Graph Convolutional Networks for Emotion Recognition
August 24, 2020
Facial expressions for emotions are not consistent for each image in a video. There are intermediate frames during a transition between emotions. Such facial expressions are very difficult to classify as they don’t belong to any particular class. This is also one major reason why models trained on image datasets for facial emotion recognition perform poorly on videos. In order to circumvent this obstacle, I used a Spatio-Temporal Graph Convolutional Neural Networks for our task.
For these networks I used a video dataset Aff-Wild2. I used the 5 basic emotion categories: Happy, Sad, Neutral, Anger, Surprise. The cleaned dataset consisted of 1200 training samples and 586 validation samples. Each sample consisted of 45 frames representing the same emotion class with varying intensity and transition frames. In order to create this dataset, for each video sample, I computed the 68 dimensional facial landmarks for the 45 frames. This represents our feature vector of the shape 45 X 68 X 2 as our input to the GCN model. Such a feature vector allows us to capture both the spatial and temporal changes over the video.
Next we define the graph where each 2D facial landmark represent a graph node and natural connectivity in the facial structure represents the graph edges. In order to capture the temporal dynamics of the facial expressions we also define edges between same joints across the consecutive frames. The input to the ST-GCN is therefore the joint coordinate vectors on the graph nodes. This can be considered as an analog to image based CNNs where the input is formed by pixel intensity vectors residing on the 2D image grid. Then we pass this through the multiple layers of spatial-temporal graph convolution as defined in ST-GCN paper followed by a softmax layer for classification. With this model we got an accuracy of 58.27% on the validation set.

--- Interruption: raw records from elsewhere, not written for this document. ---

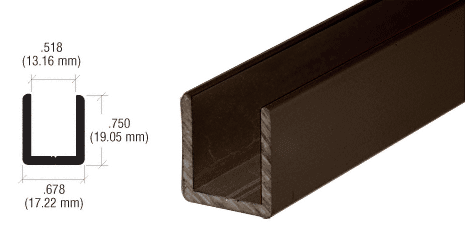 C.R. Laurence CRL Oil Rubbed Bronze 1/2&quot; Fixed Panel Shower Door Deep U-Channel - 95&quot; | SDCD12P0RB
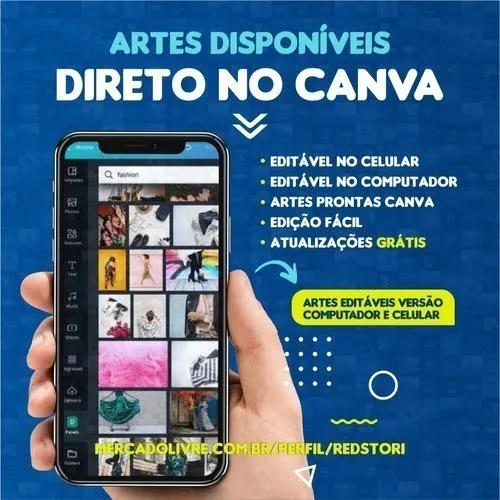Mão segura um smartphone exibindo um aplicativo de edição digital em tela.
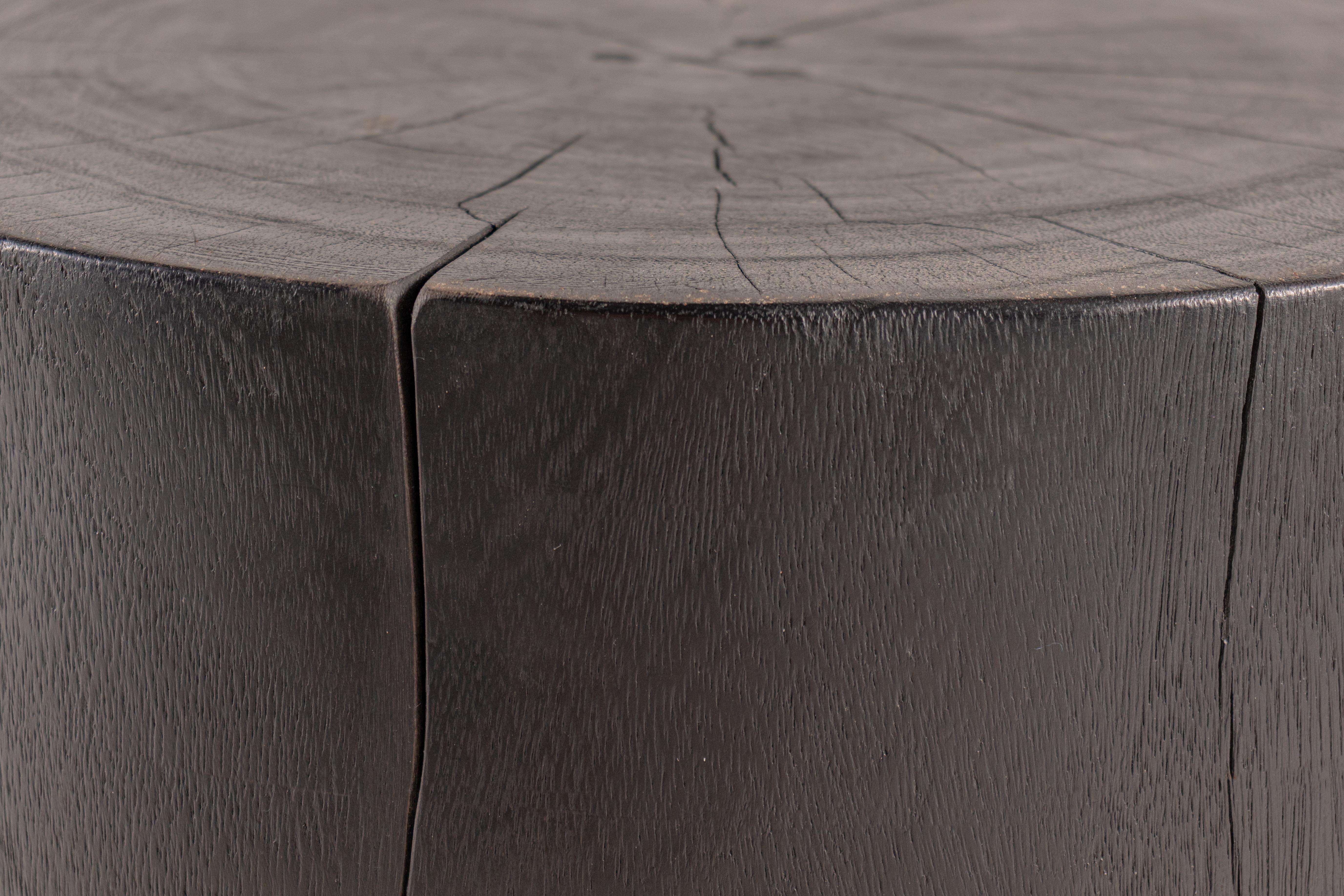 American Ebonized Drum Form End Table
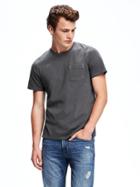Old Navy Garment Dyed Crew Neck Pocket Tee For Men - Gray Charles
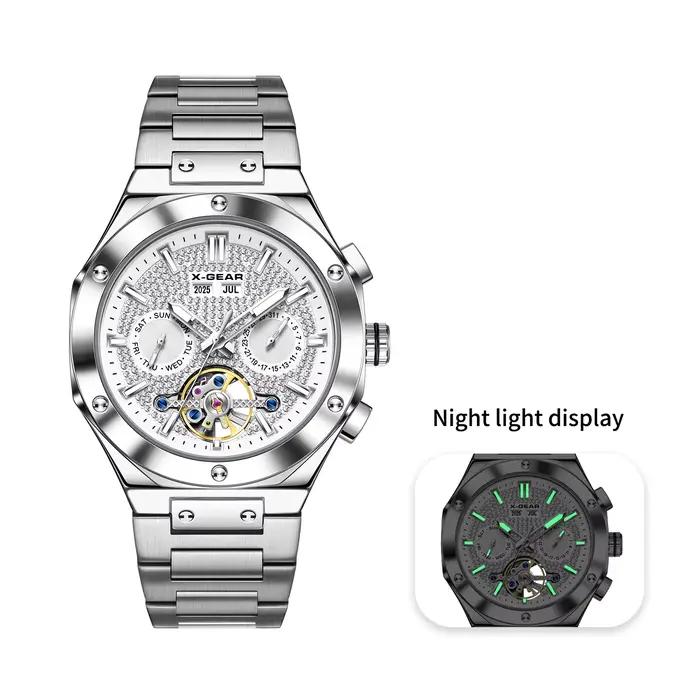 Montre mécanique automatique pour homme, tourbillon, étanche, lumineuse, montre de luxe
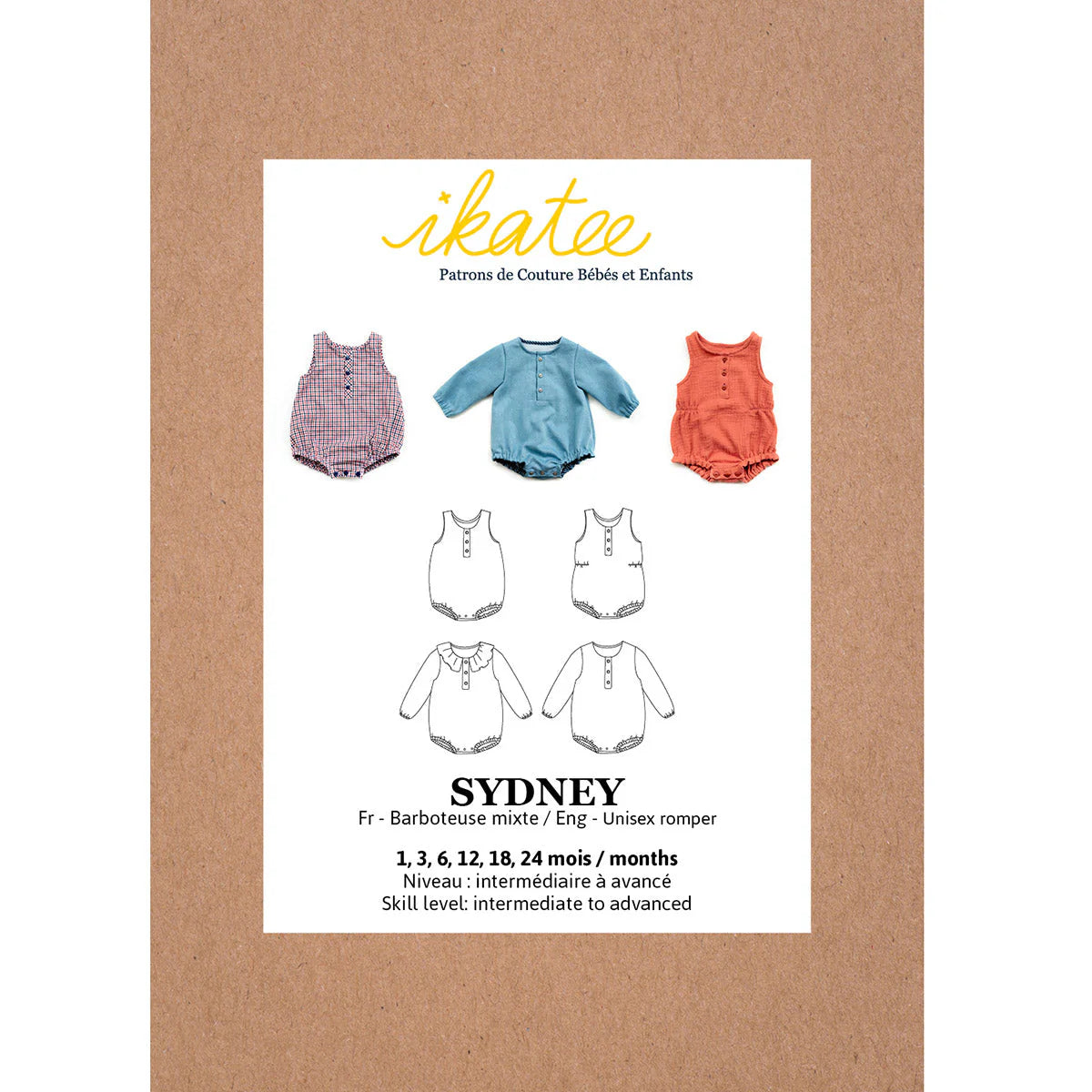 Sydney Romper - Baby - Sewing Pattern | Ikatee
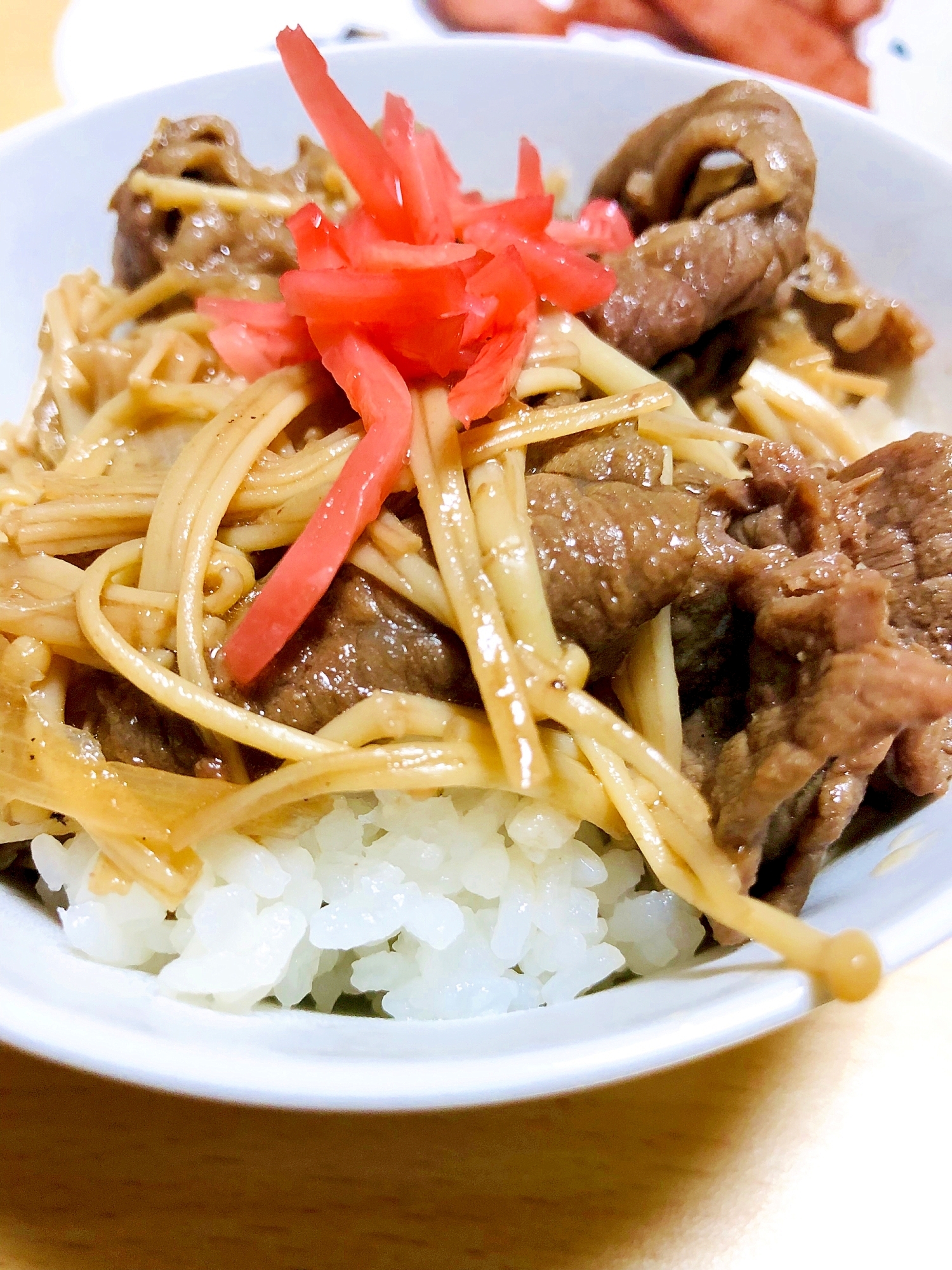 牛肉とえのきと長ねぎの牛丼風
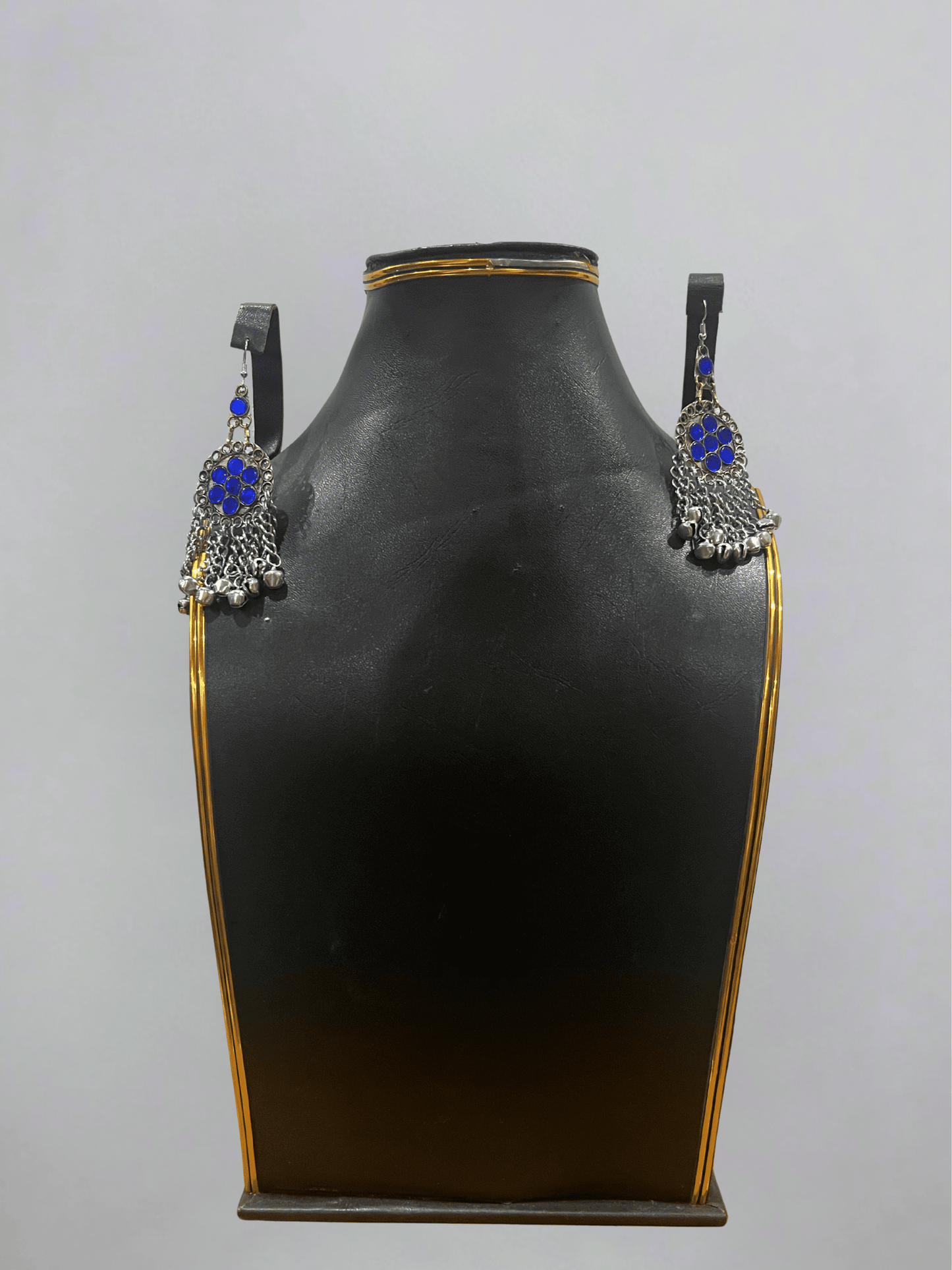 Dark blue handcrafted Afghani earrings pair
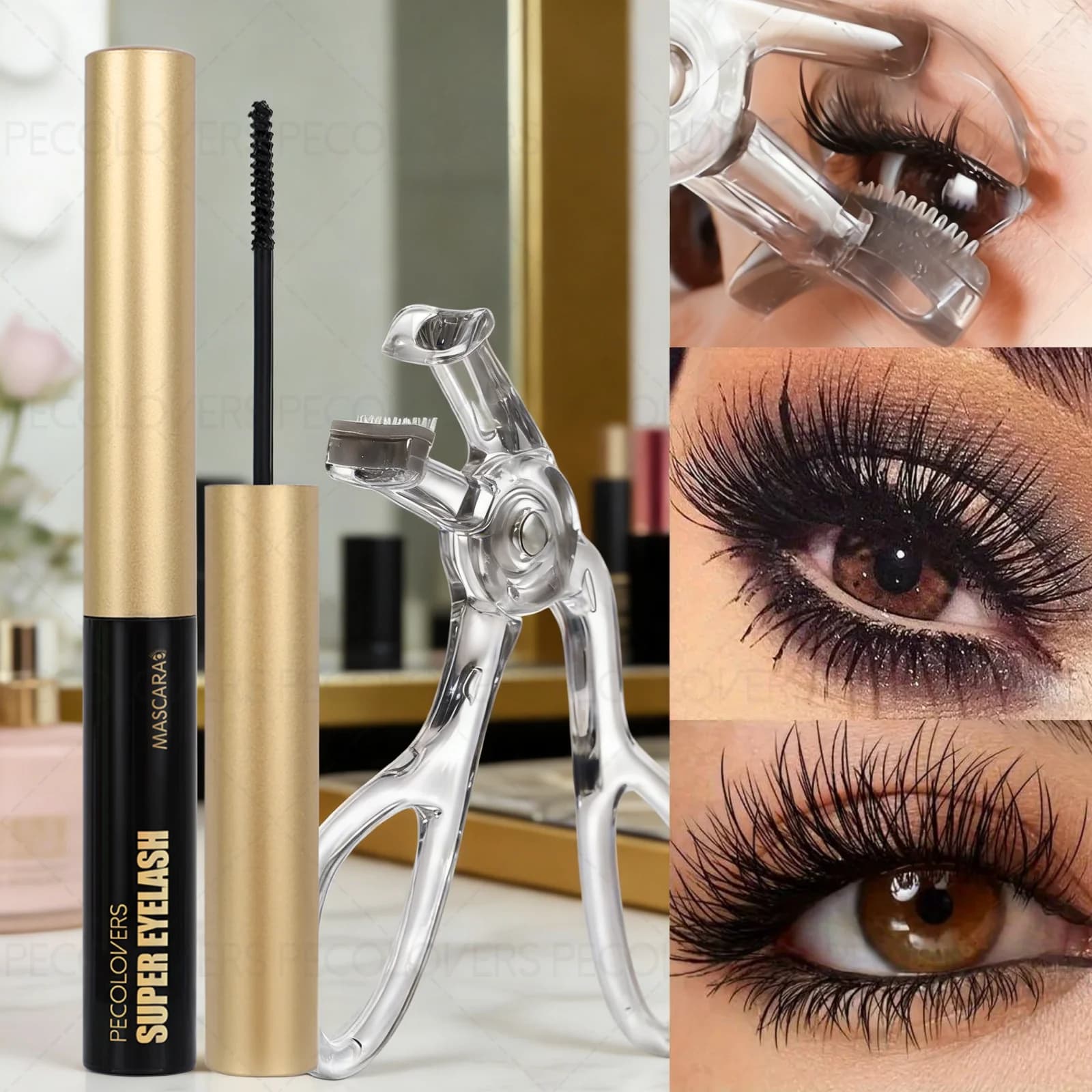 2-piece black three-dimensional mascara set - Waterproof, combined with a crease, not agglomerating, creates thick eyelashes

Further inspired by RA-GCN we also tried a multi-stream ST-GCN with same dataset and graph structure. However this model overfitted to the training set due to a smaller dataset large number of model parameters. We achieved a low accuracy of 44.93% on the Aff-Wild2 dataset.
Limitations and Future Work
The domain of Facial Emotion Recognition in videos is very challenging due to the lack of large scale datasets and inconsistent facial expressions for different emotion categories. However, spatio-temporal networks similar to ones discussed in this post open new paths in this domain and can be explored further.